In February 2009, Aasiya Z. Hassan, a 37-year-old Muslim woman, was founded decapitated in Orchard Park, N.Y., a village near Buffalo. Her husband, Muzzammil Hassan, 44, admits that he beheaded his wife. Yet now, in a bizarre turn in the case, Muzzammil Hassan has claimed that he was the real victim in the case, driven to murder his wife after enduring years of her emotional and physical abuse.
The case stands as a classic example of the universal tendency on the part of Islamic supemacists and jihadists to blame everyone but themselves for what they have done.
In a larger sense, Muzzammil Hassan’s attempt to claim that he was actually the victim of the woman he beheaded is exactly like the jihadis blaming American foreign policy for the global jihad, and is related to the campaign to get the West to "stop linking Islam with terrorism."
Islamic jihadists link Islam with terrorism with consistency and religious fervor, but if a Western non-Muslim notices this, he is "hateful," "bigoted," "Islamophobic," "ignorant of Islam," etc. Never would the Muslims who accuse non-Muslims of "hate" for "linking Islam with terrorism" ever look to themselves, see the responsibility for the link as being within the Muslim community rather than outside it, and challenge those jihadists instead.

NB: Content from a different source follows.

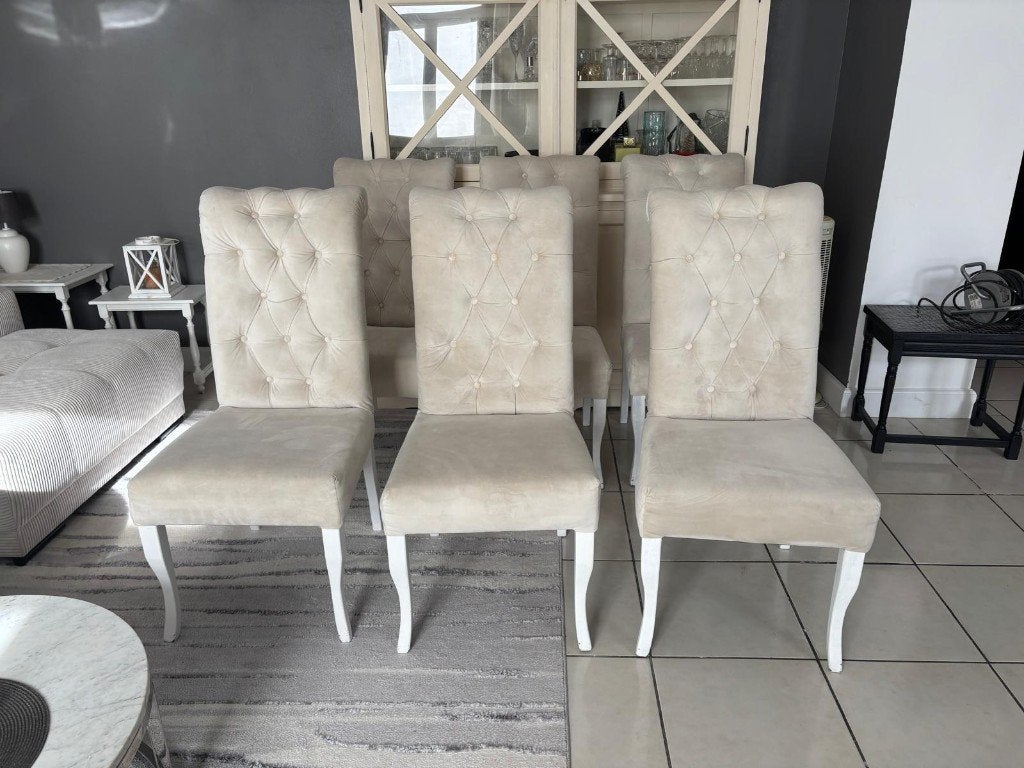 6 chaises velours beige, Huis en Inrichting, Ophalen, Gebruikt, Overige kleuren, Vijf, Zes of meer stoelen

It is always someone else’s fault. In this case, according to the Buffalo News, “Hassan has never publicly denied killing his wife. Instead, he has suggested he will build his court defense on the grounds that as a long-abused spouse, he finally snapped and killed his wife in a desperate bid to end the psychological abuse inflicted upon him.” Hassan himself has claimed that “anytime I sought outside help, I got falsely accused of sexual misconduct or physical abuse—more than 12 police reports, each in response to my reaching out for help from counselors, my family or her family."

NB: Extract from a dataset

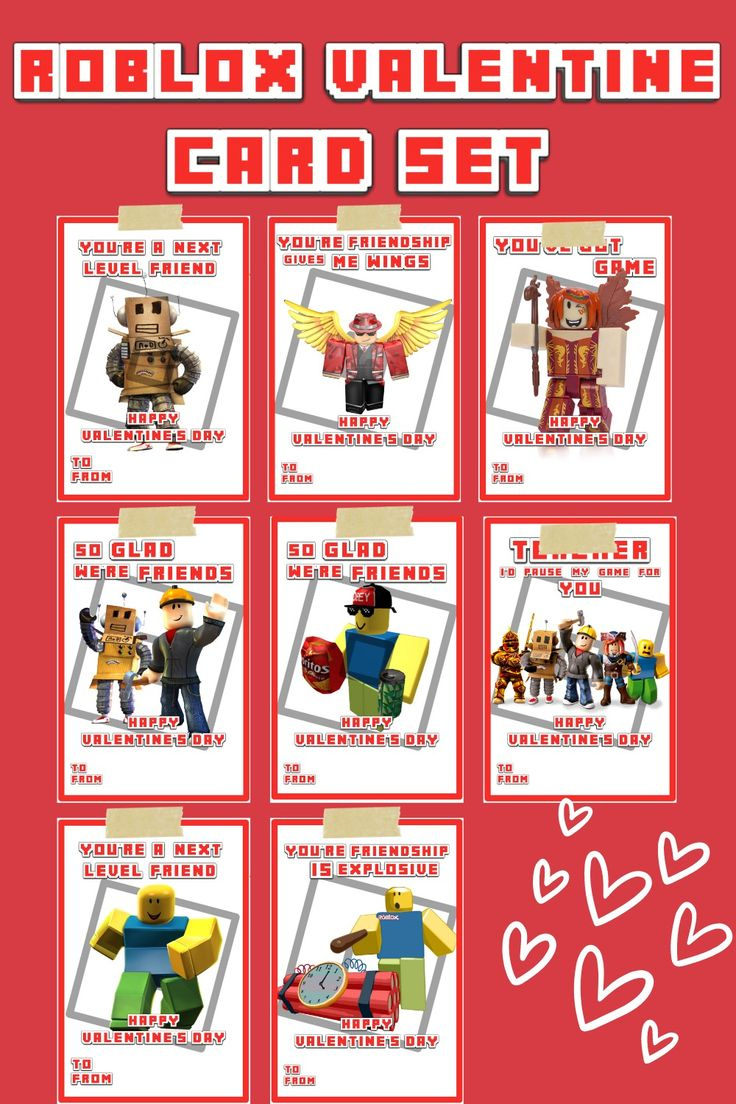 Roblox Valentine Card Set For Kids! for Free Printable Roblox Valentines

Poor lamb. Clearly the only option left open to him was to behead his wife.
It seems as if Muzzammil Hassan is an old hand at this kind of deception. He beheaded Aasiya in the offices of the Muslim cable channel, Bridges TV, which he founded. Muzzammil Hassan founded Bridges TV in 2004 to combat the negative perceptions of Muslims that he thought were dominating the mainstream media.